Hari berikut berakhir dengan dirinya yang mengikuti rutinitas yang sama. Jadi saat Naruto pulang pada suatu malam, dia tidak menyadari bahwa lampu telah menyala. Dia tidak juga melihat sebuah koper kecil yang bersandar di pintu. Dia terlalu tenggelam dalam pikirannya sampai-sampai tidak menyadari sebuah siluet ramping tengah mengamatiya.

Ia duduk di sofa ruang tengah dengan bahu tertunduk. Ada lingkar hitam di bawah matanya, dan kulit kecokelatannya terlihat pucat—tak sehat.

Rasa berat dan bersalah menguasai sang pengamat.

Ia sangat takut dilukai dan akhirnya malah melukai. Dia bisa mengakui… untuk sesaat, rasanya untuk bernafas saja sangatlah berat, dia tidak pernah berpikir bahwa dia menjadi penyebab hal ini.

Ia khawatir bahwa si pirang akan menemukan kekasih lain jadi dia meninggalkannya. Itulah mengapa dia berhenti menelpon; jadi lelaki pirang itu tak bisa memberi tahu bahwa dia tak lagi mencintainya. Dia akan menunggu sampai dia pulang, lalu… lalu apa? Lalu akan lebih mudah baginya untuk mendapatkan lelaki itu kembali.
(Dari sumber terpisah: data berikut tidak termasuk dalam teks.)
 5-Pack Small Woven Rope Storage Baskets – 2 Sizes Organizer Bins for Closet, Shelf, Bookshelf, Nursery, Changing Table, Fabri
Dia akan bertarung demi Naruto, tetapi dengan jauhnya jarak ini, itu sangatlah sulit. Dia terlalu fokus pada ketakutannya sendiri bahwa lelaki itu akan menemukan orang lain—ia sangat tampan, ceria, dan selalu menarik perhatian—sampai akhirnya dia melupakan ketidakamanan Naruto sendiri.

Rasa panik menguasai tubuhnya bagai tembakan adrenalin. Apa yang dia pikirkan saat itu? Dia sangat takut tak bisa menemukan Naruto saat pulang… sesungguhnya dia telah sampai sejak beberapa hari lalu dan melakukan pencarian, dia merasa sangat bahagia mendapati Naruto masih memenuhi janjinya dan sangat ingin bertemu dengannya lagi tanpa memikirkan konsekuensi dari perbuatannya… tiba-tiba saja bayangan tentang pulang dan mendapatkan pelukan selamat datang terlihat sangat bodoh.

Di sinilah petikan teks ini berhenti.